Jason Baker (punter, Carolina)
Stop punting to Devin Hester, Jason. Just stop it. The guy had 14 kickoffs or punts returned for touchdowns. Now it’s 15.
Danieal Manning (defensive back/special teamer, Houston)
After blocking a long field goal attempt by Shaun Suishman, Manning blocks the kicker in the back as Jonathan Joseph was running the ball back to the Steelers’ end zone. Manning’s block in the back nullified the score.
Then J.J. Watt did essentially the same thing, hitting Ben Roethlisberger low and late, negating a pick-six. How the heck did the Texans win this game? I blame Wall Street.
Tony Romo (quarterback, Dallas)
Romo’s pick-six in the second half sparked a Lions comeback from a 27-3 deficit. Granted, the Cowboys made an assortment of miscues and Calvin Johnson is just unstoppable, but three second-half interceptions?
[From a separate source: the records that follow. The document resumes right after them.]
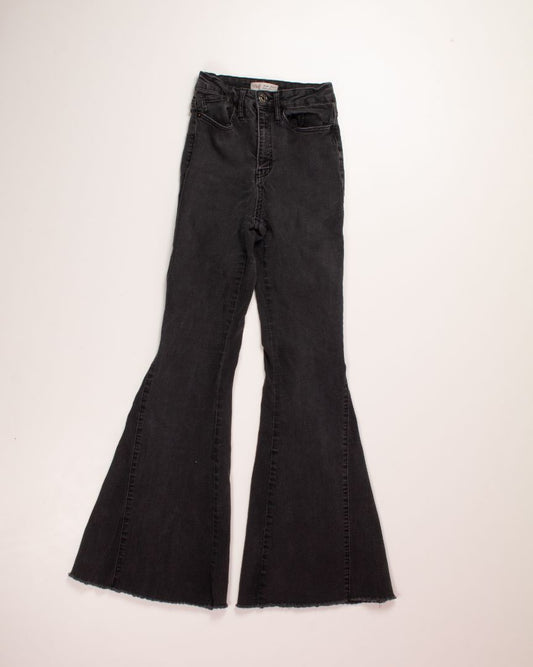 Black YMI Flare Jeans, 5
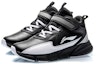 Lookbook (JR) Li-Ning Kasut Bola Keranjang Mid-Top 'Hitam Putih' YKBP058-5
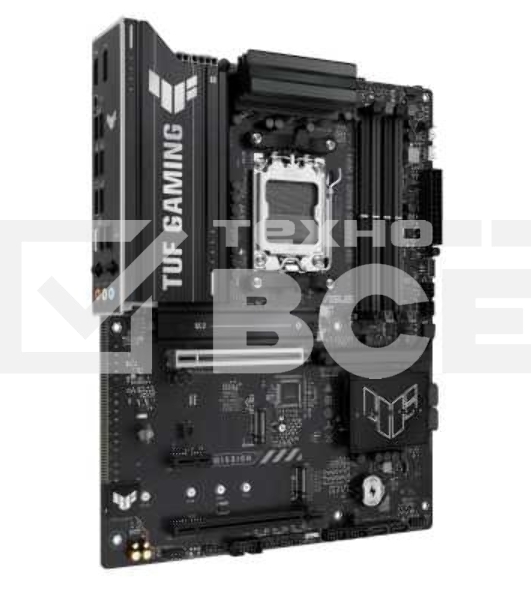 Материнская плата ASUS TUF GAMING B650-E WIFI, AM5, AMD B650, 4xDDR5, 4xSATA, 3xM.2, 1xPCIe 4.0 x16, 1xPCIe 4.0 x16, 1xPCIe x1, 1xDP, 1xHDMI, 1x2.5Gb LAN, Wi-Fi 6E, Bluetooth 5.3, 2xUSB-C (1x10Gbps, 1x20Gbps), 3xUSB-A 5Gbps, 2xUSB-A 10Gbps, 3xUSB-A 2.0, 5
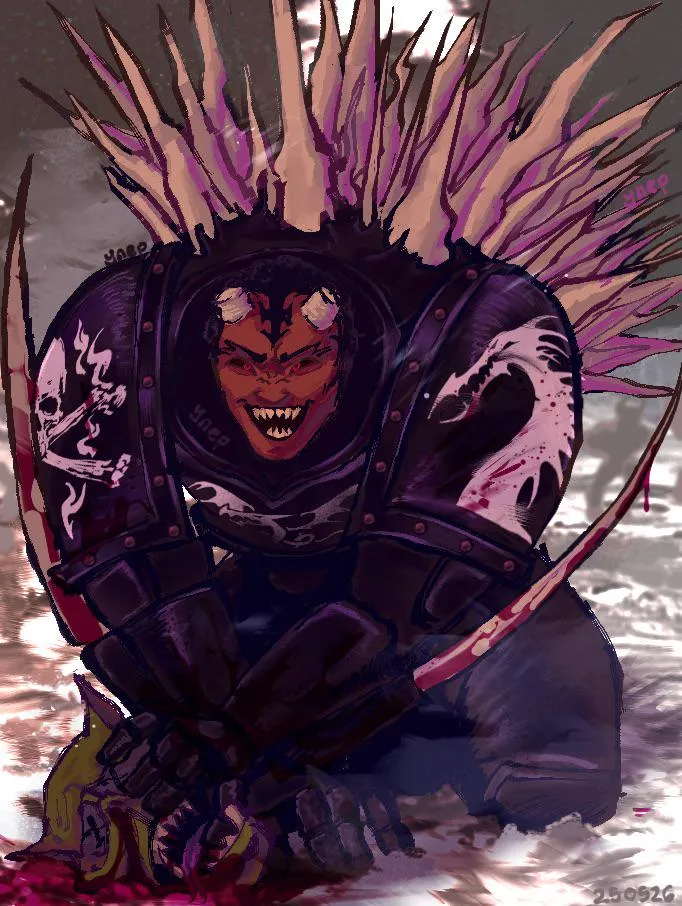 Drak’Ken Champion of the High Dragon. Black Dragon art by Me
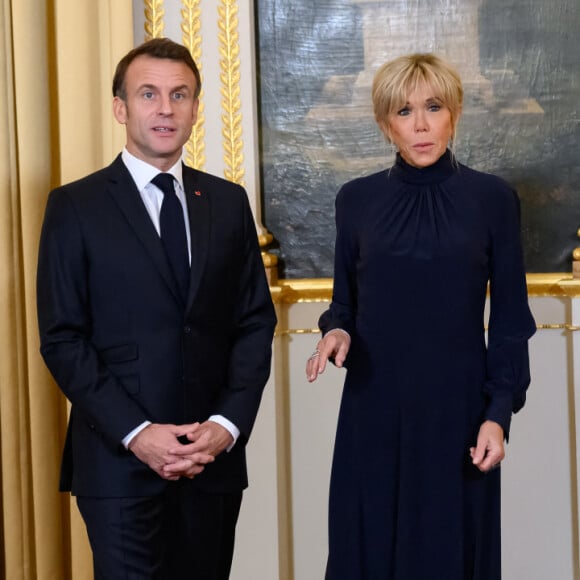 Brigitte Macron a épaulé son époux président de la République ce jeudi pour le dîner des chefs d'état à l'occasion du 6eme Forum de Paris sur la paix
Emmanuel Macron, président de la République et sa femme Brigitte Macron, lors du dîner des chefs d'état à l'occasion du 6eme Forum de Paris sur la paix © Eric Tschaen / Pool / Bestimage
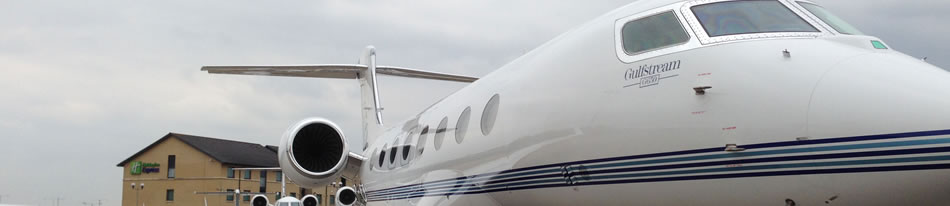 Gulfstream at Luton Airport Gulfstream at Luton Airport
That’s just an astounding level of ineptitude for someone that’s constantly being sold as one of the elite quarterbacks in the NFL.
Marion Barber (running back, Chicago)
All I’m saying is that if you attempt a celebratory back flip, you’d better nail it.
Everyone on the St. Louis Rams.
Seriously, it’s like those guys aren’t even trying.